La primera vez que juegan lo hacen con inocencia, con esperanza de poder llevarse un pellizco con el que pagar la fiesta del sábado o esas zapatillas que tanto tiempo llevan esperando. Al ver que da sus frutos, deciden seguir jugando. Han caído en la trampa. Cuando no les queda más dinero en sus cuentas, deciden pedirlo a los padres. La madre, que limpia escaleras, cede sus ganancias del día a su hijo, que necesita el dinero, supuestamente, para pagarse unos libros de la universidad. En 15 minutos, el dinero de un día de trabajo de más de ocho horas se ha esfumado. Toca dar el siguiente paso, conseguir dinero sea como sea.

En sus mentes, miles de números que les hablan. Cientos de partidos de fútbol con los que recuperar el dinero perdido. En la televisión, anuncios. En las vallas publicitarias, anuncios. En los círculos de amigos, incitación a seguir jugando. Tras más de cinco años enganchados, deudas y miles de euros perdidos, deciden recurrir a una ayuda profesional. Es la hora de lo más difícil, desengancharse.

Tras este rápido recorrido por la vida de un jugador compulsivo, hay caras. Hay familias destrozadas, hay relaciones de amistad y de pareja rotas, hay años perdidos de universidad. Y todo ello con el beneplácito de las empresas que se dedican a este sector, que desde bien pequeños enganchan a los jóvenes con la promesa de dinero fácil. Aunque en España el juego está prohibido para menores de 18 años, no es inusual encontrar a menores de 16, a la salida de clase, en este tipo de locales.

Y nadie dice ni pío. No he escuchado ninguna propuesta seria por parte de los partidos políticos para acabar con esto. Mientras todos miramos hacia otro lado, en 2015 las casas de apuestas online invirtieron 87.722 millones de euros sólo en publicidad y se aumentó el dinero jugado por todos lo españoles en un 30% respecto al año anterior.
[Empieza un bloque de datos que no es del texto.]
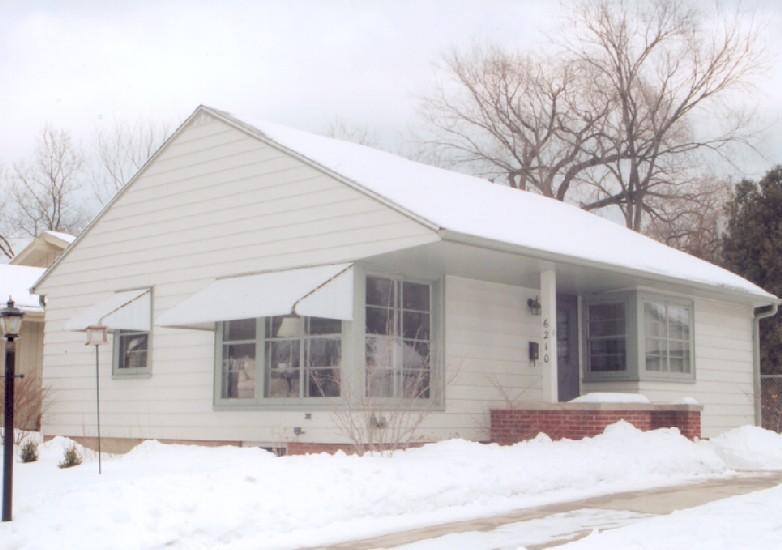 6210 N Lydell, Whitefish Bay, WI 53217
Estas empresas del juego no hacen más que frotarse las manos cada día que el gobierno sigue impasible ante esta realidad, son empresas sin escrúpulos, que se mantienen insensibles ante el aumento de los jóvenes ludópatas en los barrios obreros de nuestras ciudades.
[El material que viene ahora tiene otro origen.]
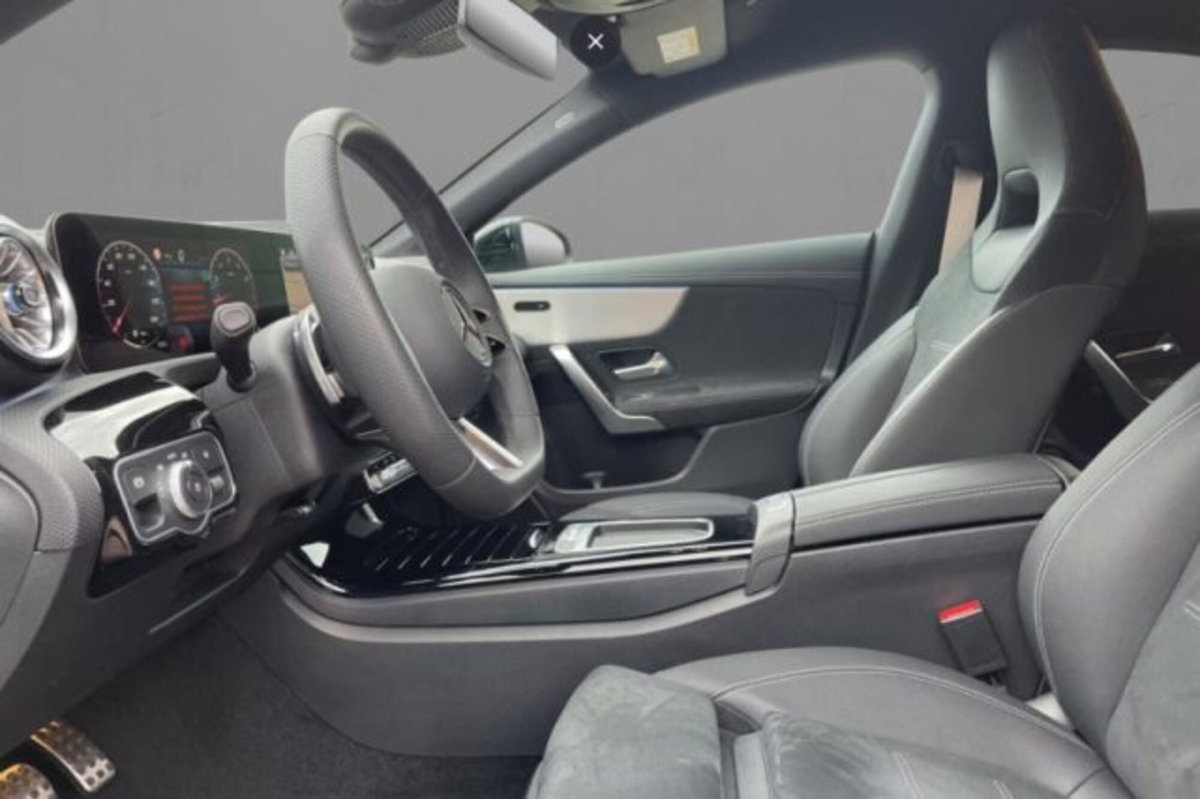 Mercedes-Benz CLA 200 Automatic Premium (5)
En 1980 fue la heroína. A día de hoy, son los salones de juego y las páginas de apuestas deportivas. Menores enganchados que pierden su juventud en un mar de lucecitas y monedas, son menores aniquilados, neutralizados, que jamás volverán a molestar al sistema. Como la heroína. En países como Ecuador, en 2011, ya se prohibieron este tipo de antros, conscientes de que la única salida y la única solución posible es cortar de raiz el problema. En España, este problema no se ha puesto aún encima de la mesa y el día que se haga será demasiado tarde. Creo que nadie quiere otra generación perdida como la de los años 80.